───── MATERIAL SHOWN ─────

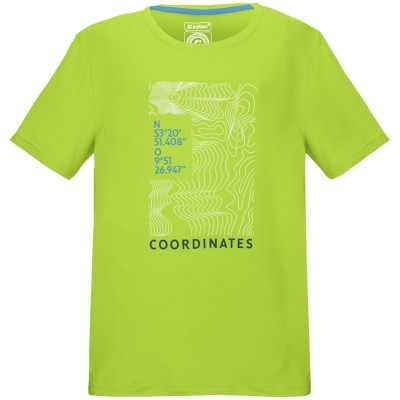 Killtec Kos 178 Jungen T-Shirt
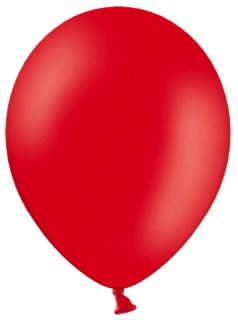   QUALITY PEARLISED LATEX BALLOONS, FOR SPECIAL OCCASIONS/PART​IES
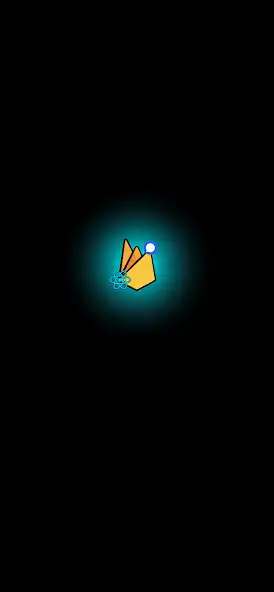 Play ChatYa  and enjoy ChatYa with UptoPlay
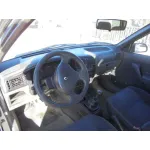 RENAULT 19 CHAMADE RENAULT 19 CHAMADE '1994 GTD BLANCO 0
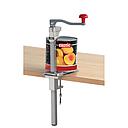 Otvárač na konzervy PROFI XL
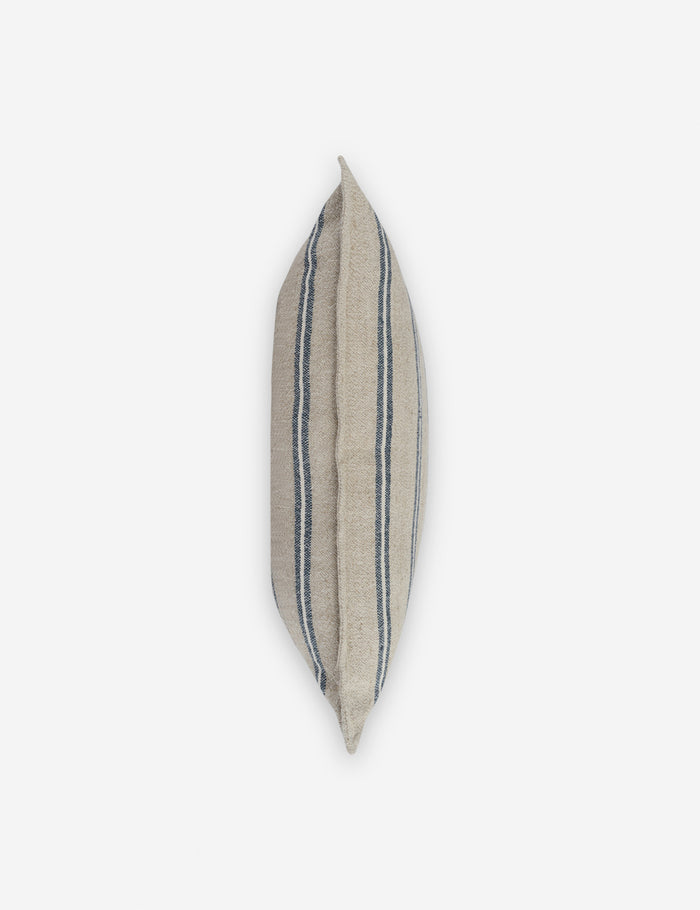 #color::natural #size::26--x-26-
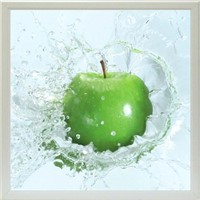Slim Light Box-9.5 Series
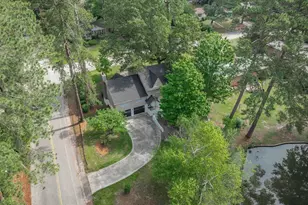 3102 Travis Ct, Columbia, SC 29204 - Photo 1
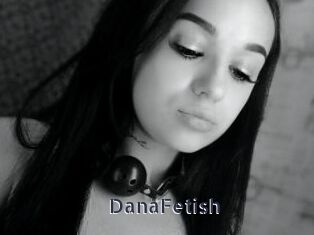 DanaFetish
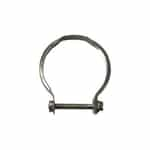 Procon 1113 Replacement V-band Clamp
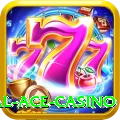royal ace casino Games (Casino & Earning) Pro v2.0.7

─────
───── MATERIAL SHOWN ─────

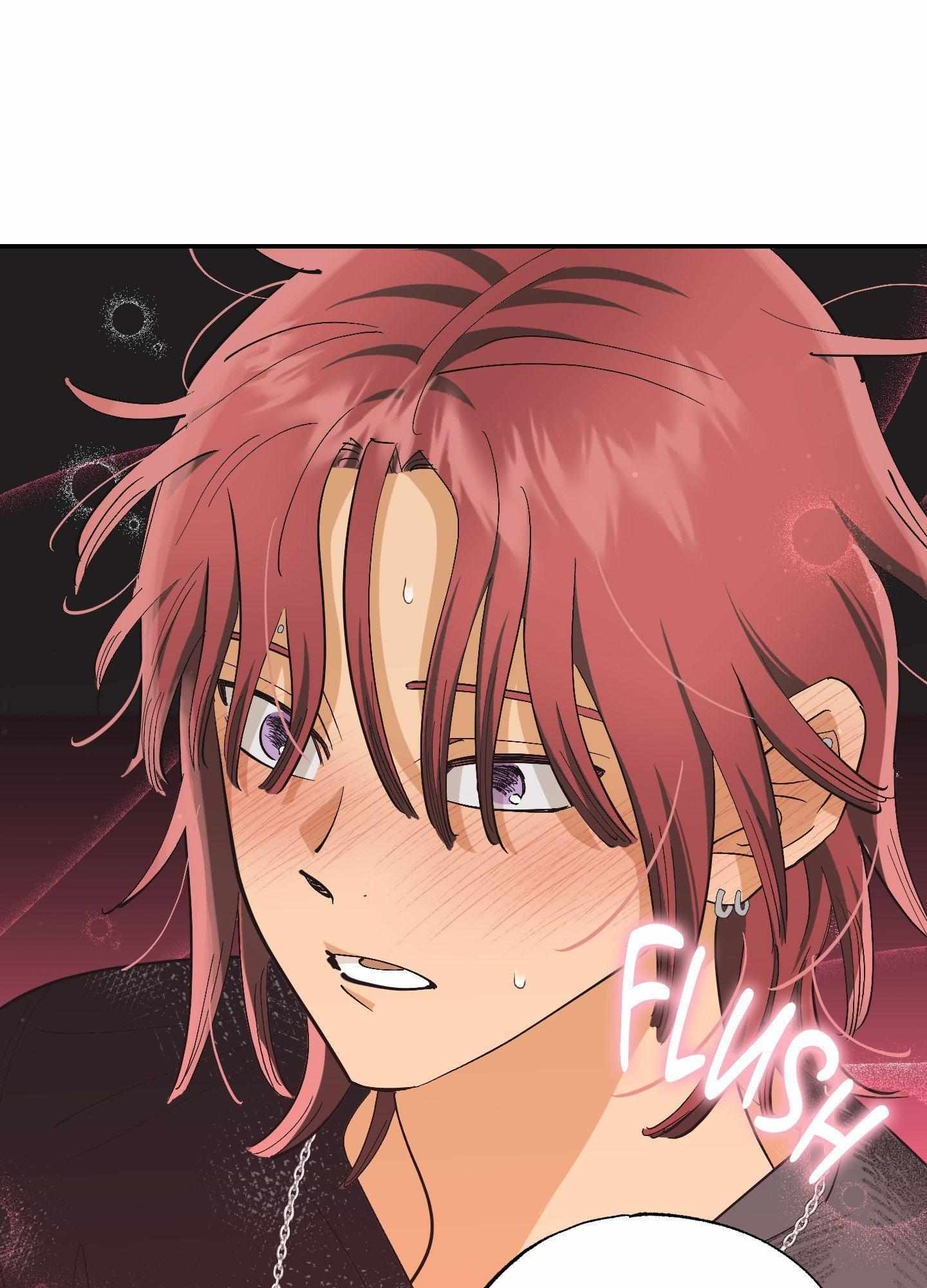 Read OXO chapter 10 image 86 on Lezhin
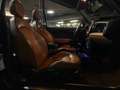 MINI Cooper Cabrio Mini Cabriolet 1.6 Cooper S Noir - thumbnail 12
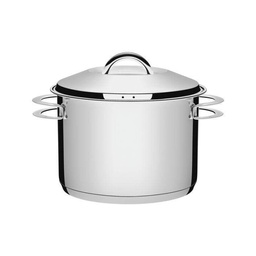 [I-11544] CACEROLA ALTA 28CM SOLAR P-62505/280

─────

## [AIM OF THE TASK]
In the listing above, find the line containing "3102 Travis Ct, Columbia, SC 29204 - Photo 1" and the line containing "royal ace casino". Reproduce those lines and all between them exactly, with no pictures and nothing more.

## [TASK OUTPUT]
 3102 Travis Ct, Columbia, SC 29204 - Photo 1
 DanaFetish
 Procon 1113 Replacement V-band Clamp
royal ace casino Games (Casino & Earning) Pro v2.0.7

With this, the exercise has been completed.